LAS CRUCES, N.M. -- New Mexico State and coach Hal Mumme
announced a settlement Thursday in a lawsuit brought by four former football players who claimed they endured religious discrimination because they are Muslims.

The case was scheduled to go to trial Monday. Both sides said
they were pleased the settlement was reached before then.

"Our motivation was to put this issue behind us and to avoid a
contentious, prolonged legal battle that would have done little but
continue a distraction to the program," athletics director
McKinley Boston said.

Plaintiffs attorney Joleen Youngers said she was eager to
present her clients' case to a jury but "we would have been
foolish to turn our backs on a reasonable resolution outside the
courtroom."

Former players Mu'Ammar Ali, Jacob Wallace and brothers Anthony
and Vincent Thompson had alleged they were subject to a hostile
environment because of their religion.

Their lawsuit claimed religious discrimination and violations of
the athletes' right to freely exercise their religion. It contended
Mumme instituted a "religious brotherhood" within the team,
singled out Muslim athletes and had players recite the Lord's
Prayer after each practice and before each game.

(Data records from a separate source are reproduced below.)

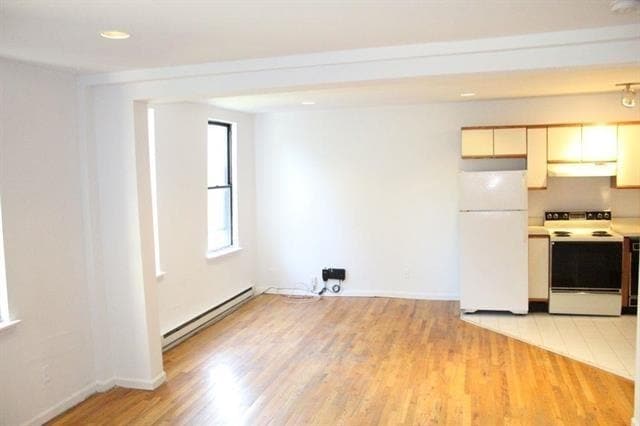 Building Photo - 607 1st St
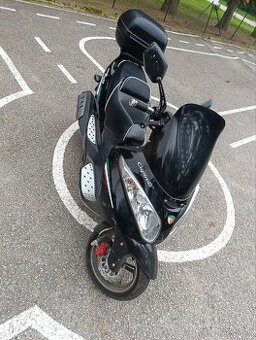 Skúter scooter capireli motorka 125 motocykel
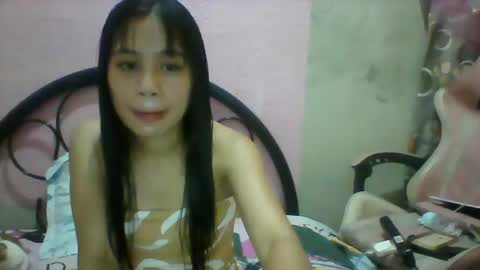 Snapshot of mimiyolove chatting on February 5, 1:04 am mimiyolove online show from February 5, 1:04 am
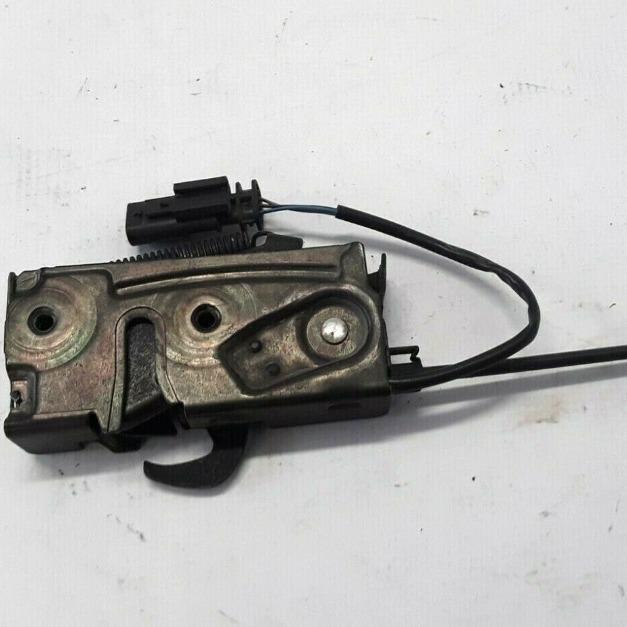 31479534: Compatible Lock for Volvo S90L Engine Hood Cover 0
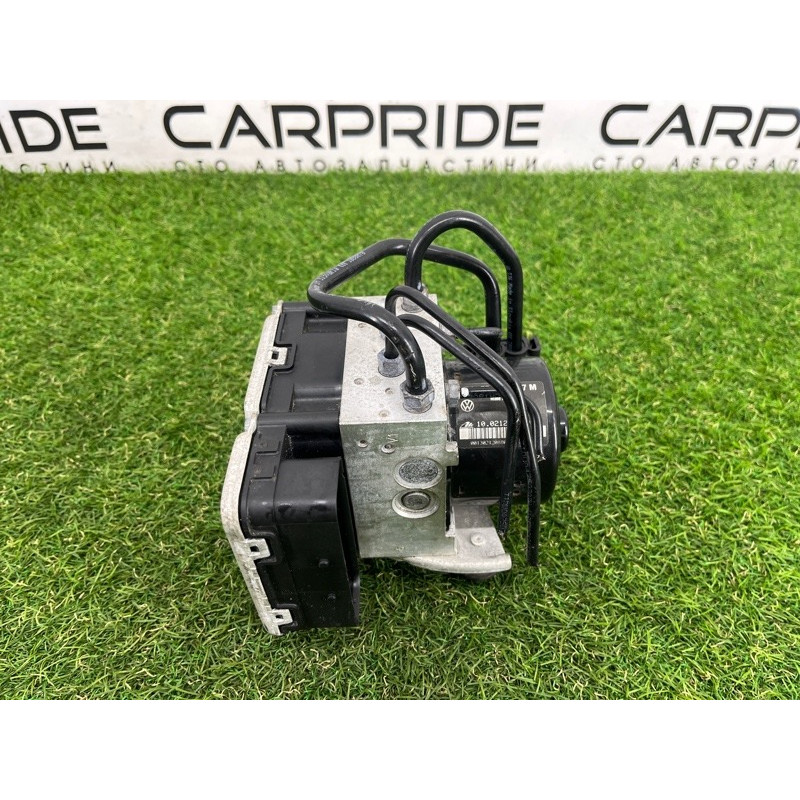 Блок abs (тормозная система) Volkswagen Touareg NF 2013 3.6 7P0614517M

Wallace, reached by phone Thursday, said the past year has been
stressful.

"It seemed like it would never end, that this thing would
continually go on and on," he said from San Francisco. "I'm glad
with the decision that was made."

Wallace declined to discuss the discrimination claims, saying he
believes they now are irrelevant.

"At this point, I would like to move on with my future, and
hopefully this is something I can put behind me," he said.

The university didn't admit any wrongdoing in the case. Boston
said the settlement reflects that New Mexico State denied any
discrimination occurred.

"In our view, we did nothing wrong," he said.

University president Michael Martin added: "While this puts the
issue to rest, we also maintain the solid integrity and reputation
of our university."

But Youngers said her clients still believe in their claims.

"They would have not brought this lawsuit if they did not
believe they had been discriminated against," she said. "They
haven't changed their view of what occurred, but they have agreed
to resolve the dispute through settlement rather than trial."

Both parties agreed to keep the settlement amount confidential
for six months.

The lawsuit was filed in August by the American Civil Liberties
Union on behalf of Ali and the brothers. Wallace joined the case in
January.

Besides Mumme, the lawsuit named university vice president and
provost William Flores and the school's board of regents as
defendants.

Peter Simonson, executive director of the ACLU in New Mexico,
said issues that prompted the lawsuit demonstrate the importance of
keeping government out of religion.

"When one person uses his or her privileged position as a
government official to advertise their specific religious views, it
diminishes religious freedom for all of us, whether we are Muslim,
Christian or of any other denomination," he said.

Mumme said the lawsuit was a distraction. With it now behind
him, he said he can focus on what he was hired to do: "coach
football and help these fine student-athletes have the best
experience possible from their playing days."